Exercise aim:
Look in the material below for the line with "Mansarda via Santo" and the line with "QWER シヨン ファンダムコミュニティ │ KPOP人気No.1アプリ 最愛ドル", then set down exactly those two lines and all lines between, nothing more.

Listed records:
────

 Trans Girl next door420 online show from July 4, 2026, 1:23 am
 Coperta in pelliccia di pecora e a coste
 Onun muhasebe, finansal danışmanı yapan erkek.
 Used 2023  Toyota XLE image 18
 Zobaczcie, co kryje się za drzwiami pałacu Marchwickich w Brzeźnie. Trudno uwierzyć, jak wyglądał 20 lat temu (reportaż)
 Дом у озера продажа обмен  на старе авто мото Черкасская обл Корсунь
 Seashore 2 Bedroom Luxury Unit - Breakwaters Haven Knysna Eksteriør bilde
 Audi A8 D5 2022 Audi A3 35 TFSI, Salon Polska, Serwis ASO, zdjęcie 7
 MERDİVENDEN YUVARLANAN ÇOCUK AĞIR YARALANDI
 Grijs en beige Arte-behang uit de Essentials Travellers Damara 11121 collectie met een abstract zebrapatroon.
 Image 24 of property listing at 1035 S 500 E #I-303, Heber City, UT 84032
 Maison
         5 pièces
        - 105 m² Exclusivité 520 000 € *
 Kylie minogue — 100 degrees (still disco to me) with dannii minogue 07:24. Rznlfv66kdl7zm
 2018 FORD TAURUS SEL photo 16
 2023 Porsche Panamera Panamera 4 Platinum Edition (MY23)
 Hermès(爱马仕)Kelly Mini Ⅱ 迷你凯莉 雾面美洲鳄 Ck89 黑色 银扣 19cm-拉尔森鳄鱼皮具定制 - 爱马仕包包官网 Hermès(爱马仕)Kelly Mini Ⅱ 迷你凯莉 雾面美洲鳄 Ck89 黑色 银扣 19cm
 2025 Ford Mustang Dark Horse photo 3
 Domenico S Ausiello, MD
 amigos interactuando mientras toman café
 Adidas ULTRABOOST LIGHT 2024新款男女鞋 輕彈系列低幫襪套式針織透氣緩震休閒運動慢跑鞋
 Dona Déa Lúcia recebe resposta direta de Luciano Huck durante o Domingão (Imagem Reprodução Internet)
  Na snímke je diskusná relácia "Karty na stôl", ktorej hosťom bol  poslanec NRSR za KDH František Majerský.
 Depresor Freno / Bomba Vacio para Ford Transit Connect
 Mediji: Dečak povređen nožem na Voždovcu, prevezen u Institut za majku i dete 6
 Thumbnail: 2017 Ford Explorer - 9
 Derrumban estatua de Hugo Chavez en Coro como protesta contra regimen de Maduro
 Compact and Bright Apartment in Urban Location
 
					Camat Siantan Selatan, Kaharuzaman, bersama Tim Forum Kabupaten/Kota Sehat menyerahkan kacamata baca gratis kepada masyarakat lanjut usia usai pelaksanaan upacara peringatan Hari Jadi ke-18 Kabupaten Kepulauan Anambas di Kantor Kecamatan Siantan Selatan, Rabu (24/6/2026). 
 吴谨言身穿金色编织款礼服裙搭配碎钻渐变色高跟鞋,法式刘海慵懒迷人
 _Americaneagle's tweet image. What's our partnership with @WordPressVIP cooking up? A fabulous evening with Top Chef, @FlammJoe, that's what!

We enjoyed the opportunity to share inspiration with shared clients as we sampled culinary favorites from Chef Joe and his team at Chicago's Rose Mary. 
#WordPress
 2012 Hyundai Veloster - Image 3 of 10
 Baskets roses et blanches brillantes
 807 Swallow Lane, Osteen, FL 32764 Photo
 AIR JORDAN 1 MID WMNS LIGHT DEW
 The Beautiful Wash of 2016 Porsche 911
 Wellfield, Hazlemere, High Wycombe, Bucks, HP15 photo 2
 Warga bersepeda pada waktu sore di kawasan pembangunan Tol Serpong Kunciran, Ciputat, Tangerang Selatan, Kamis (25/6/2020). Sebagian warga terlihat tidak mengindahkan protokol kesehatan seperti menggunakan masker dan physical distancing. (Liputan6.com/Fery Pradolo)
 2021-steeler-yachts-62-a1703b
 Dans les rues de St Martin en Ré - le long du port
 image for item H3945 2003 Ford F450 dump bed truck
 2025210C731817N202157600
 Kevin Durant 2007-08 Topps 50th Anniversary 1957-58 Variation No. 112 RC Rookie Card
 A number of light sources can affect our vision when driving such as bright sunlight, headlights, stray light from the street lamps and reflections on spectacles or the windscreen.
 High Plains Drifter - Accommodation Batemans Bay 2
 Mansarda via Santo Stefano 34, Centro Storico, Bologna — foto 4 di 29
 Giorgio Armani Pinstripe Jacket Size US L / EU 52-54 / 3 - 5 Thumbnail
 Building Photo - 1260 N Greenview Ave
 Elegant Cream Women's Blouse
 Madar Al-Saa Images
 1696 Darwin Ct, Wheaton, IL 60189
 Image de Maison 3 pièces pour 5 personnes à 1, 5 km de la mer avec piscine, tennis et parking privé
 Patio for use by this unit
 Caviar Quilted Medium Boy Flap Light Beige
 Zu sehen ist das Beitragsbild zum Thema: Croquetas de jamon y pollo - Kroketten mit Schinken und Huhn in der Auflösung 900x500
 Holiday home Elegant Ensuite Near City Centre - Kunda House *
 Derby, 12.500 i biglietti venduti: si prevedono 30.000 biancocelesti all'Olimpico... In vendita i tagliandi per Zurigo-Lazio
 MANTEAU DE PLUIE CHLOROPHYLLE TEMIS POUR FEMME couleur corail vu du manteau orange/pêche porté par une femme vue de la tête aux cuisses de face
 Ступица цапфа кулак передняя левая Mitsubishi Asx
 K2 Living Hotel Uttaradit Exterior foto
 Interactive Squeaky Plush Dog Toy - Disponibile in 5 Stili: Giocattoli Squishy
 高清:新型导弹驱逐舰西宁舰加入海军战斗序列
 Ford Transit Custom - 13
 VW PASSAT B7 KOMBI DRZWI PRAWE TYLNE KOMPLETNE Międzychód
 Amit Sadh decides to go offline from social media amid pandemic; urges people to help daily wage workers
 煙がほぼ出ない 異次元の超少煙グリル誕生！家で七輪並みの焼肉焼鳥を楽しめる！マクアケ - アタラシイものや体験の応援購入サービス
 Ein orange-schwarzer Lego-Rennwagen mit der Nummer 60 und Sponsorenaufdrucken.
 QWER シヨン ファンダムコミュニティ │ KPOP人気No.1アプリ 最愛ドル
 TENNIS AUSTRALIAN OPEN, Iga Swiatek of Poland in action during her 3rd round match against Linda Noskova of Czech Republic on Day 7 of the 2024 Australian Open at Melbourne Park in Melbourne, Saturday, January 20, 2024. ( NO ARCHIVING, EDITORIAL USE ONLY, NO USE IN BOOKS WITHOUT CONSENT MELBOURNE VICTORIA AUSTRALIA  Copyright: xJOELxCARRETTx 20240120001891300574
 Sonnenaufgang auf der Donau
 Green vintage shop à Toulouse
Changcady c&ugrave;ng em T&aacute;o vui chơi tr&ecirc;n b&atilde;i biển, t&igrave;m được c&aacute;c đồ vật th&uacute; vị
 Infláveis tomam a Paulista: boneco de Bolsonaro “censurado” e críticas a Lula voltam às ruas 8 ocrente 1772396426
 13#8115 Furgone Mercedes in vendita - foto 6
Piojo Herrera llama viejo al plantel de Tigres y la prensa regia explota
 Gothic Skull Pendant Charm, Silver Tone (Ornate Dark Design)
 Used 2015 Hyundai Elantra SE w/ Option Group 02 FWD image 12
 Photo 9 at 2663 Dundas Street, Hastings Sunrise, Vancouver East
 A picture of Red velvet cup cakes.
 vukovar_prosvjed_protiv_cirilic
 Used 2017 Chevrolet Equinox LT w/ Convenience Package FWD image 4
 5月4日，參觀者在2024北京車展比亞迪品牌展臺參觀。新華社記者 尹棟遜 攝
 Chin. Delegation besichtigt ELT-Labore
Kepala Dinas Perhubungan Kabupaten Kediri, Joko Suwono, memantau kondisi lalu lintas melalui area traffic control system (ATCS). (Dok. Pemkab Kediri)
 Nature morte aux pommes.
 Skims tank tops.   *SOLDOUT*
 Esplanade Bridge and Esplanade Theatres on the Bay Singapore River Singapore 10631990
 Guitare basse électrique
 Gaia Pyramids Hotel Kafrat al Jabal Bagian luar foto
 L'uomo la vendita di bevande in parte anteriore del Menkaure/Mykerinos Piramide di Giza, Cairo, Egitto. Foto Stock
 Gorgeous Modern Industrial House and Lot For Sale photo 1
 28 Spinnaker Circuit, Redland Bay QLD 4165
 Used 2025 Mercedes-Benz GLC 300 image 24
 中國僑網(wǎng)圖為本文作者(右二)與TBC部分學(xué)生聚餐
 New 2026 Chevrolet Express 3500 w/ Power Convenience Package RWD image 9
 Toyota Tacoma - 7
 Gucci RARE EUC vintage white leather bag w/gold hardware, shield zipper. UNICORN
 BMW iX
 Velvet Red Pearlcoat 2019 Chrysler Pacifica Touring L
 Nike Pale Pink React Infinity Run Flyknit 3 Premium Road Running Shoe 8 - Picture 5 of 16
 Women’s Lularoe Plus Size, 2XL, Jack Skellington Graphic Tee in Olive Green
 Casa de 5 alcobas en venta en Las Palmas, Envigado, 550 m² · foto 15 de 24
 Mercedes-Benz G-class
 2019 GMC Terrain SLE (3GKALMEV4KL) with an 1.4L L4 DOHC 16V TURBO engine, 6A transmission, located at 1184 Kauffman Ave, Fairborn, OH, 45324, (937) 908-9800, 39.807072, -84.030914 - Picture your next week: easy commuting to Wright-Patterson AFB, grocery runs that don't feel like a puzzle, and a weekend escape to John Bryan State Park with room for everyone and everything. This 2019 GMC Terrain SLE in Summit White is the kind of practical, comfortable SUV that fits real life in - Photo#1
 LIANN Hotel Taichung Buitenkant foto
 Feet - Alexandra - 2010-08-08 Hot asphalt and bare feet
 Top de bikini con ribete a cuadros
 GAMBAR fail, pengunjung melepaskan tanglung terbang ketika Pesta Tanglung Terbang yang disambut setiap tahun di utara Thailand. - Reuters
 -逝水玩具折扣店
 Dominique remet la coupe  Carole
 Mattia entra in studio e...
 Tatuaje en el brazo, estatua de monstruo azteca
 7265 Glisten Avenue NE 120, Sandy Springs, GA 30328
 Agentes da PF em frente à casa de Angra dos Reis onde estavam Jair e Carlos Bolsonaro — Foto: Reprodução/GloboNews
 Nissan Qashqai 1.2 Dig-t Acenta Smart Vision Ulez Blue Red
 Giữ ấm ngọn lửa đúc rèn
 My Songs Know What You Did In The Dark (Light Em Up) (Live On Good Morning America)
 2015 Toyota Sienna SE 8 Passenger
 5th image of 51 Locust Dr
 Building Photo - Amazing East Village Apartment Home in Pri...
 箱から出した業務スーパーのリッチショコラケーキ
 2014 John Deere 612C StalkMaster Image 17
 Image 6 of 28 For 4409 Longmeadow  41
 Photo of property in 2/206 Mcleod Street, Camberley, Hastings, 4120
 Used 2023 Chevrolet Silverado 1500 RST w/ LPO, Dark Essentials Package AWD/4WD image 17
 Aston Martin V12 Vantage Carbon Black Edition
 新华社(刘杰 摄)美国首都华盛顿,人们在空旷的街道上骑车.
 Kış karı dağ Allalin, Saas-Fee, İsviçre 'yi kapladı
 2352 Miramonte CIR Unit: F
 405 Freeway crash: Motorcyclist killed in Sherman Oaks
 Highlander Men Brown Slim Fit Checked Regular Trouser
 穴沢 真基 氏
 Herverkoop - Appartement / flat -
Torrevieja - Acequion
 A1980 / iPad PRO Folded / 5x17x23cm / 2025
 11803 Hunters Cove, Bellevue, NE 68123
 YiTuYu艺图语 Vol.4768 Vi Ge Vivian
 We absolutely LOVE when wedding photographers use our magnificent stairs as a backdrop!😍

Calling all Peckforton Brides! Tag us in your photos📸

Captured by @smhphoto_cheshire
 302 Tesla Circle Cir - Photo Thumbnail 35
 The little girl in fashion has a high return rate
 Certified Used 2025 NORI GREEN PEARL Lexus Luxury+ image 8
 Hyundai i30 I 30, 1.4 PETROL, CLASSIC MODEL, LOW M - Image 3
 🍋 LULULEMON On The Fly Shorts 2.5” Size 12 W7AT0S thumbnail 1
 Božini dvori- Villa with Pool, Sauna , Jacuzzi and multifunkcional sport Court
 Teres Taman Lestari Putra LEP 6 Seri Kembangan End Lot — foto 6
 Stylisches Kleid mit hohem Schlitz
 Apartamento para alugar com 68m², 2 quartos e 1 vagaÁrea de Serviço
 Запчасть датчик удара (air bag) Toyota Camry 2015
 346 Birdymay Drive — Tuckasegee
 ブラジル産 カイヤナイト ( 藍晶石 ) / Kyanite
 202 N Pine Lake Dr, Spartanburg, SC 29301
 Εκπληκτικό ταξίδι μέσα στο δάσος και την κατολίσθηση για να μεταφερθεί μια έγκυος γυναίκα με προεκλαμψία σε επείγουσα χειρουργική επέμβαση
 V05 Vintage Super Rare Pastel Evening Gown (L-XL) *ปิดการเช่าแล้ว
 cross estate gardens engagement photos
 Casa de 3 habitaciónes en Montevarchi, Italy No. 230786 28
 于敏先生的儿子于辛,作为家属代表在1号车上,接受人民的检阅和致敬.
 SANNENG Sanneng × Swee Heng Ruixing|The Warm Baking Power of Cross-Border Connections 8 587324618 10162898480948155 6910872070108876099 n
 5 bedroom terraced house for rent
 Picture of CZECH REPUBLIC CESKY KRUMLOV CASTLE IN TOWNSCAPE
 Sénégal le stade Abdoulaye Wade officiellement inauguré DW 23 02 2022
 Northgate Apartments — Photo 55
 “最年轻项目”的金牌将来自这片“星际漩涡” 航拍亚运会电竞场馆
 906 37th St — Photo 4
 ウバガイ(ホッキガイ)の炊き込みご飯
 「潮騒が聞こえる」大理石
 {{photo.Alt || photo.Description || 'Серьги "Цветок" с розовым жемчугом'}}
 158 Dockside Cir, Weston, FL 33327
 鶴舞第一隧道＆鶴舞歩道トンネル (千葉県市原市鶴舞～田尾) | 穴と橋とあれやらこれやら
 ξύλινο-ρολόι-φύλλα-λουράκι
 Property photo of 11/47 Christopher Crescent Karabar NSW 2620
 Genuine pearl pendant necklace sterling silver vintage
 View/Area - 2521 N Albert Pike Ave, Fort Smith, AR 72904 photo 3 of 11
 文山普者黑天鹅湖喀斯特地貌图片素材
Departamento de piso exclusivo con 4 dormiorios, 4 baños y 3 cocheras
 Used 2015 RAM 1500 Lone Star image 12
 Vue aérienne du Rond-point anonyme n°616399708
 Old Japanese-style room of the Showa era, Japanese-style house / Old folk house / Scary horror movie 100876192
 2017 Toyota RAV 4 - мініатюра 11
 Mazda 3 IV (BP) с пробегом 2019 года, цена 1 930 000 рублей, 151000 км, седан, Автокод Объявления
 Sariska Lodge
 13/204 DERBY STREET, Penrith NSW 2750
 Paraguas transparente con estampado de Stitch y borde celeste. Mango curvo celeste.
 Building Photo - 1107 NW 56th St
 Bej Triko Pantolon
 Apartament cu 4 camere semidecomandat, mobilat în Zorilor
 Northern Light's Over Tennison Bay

────

Written answer:
 Mansarda via Santo Stefano 34, Centro Storico, Bologna — foto 4 di 29
 Giorgio Armani Pinstripe Jacket Size US L / EU 52-54 / 3 - 5 Thumbnail
 Building Photo - 1260 N Greenview Ave
 Elegant Cream Women's Blouse
 Madar Al-Saa Images
 1696 Darwin Ct, Wheaton, IL 60189
 Image de Maison 3 pièces pour 5 personnes à 1, 5 km de la mer avec piscine, tennis et parking privé
 Patio for use by this unit
 Caviar Quilted Medium Boy Flap Light Beige
 Zu sehen ist das Beitragsbild zum Thema: Croquetas de jamon y pollo - Kroketten mit Schinken und Huhn in der Auflösung 900x500
 Holiday home Elegant Ensuite Near City Centre - Kunda House *
 Derby, 12.500 i biglietti venduti: si prevedono 30.000 biancocelesti all'Olimpico... In vendita i tagliandi per Zurigo-Lazio
 MANTEAU DE PLUIE CHLOROPHYLLE TEMIS POUR FEMME couleur corail vu du manteau orange/pêche porté par une femme vue de la tête aux cuisses de face
 Ступица цапфа кулак передняя левая Mitsubishi Asx
 K2 Living Hotel Uttaradit Exterior foto
 Interactive Squeaky Plush Dog Toy - Disponibile in 5 Stili: Giocattoli Squishy
 高清:新型导弹驱逐舰西宁舰加入海军战斗序列
 Ford Transit Custom - 13
 VW PASSAT B7 KOMBI DRZWI PRAWE TYLNE KOMPLETNE Międzychód
 Amit Sadh decides to go offline from social media amid pandemic; urges people to help daily wage workers
 煙がほぼ出ない 異次元の超少煙グリル誕生！家で七輪並みの焼肉焼鳥を楽しめる！マクアケ - アタラシイものや体験の応援購入サービス
 Ein orange-schwarzer Lego-Rennwagen mit der Nummer 60 und Sponsorenaufdrucken.
 QWER シヨン ファンダムコミュニティ │ KPOP人気No.1アプリ 最愛ドル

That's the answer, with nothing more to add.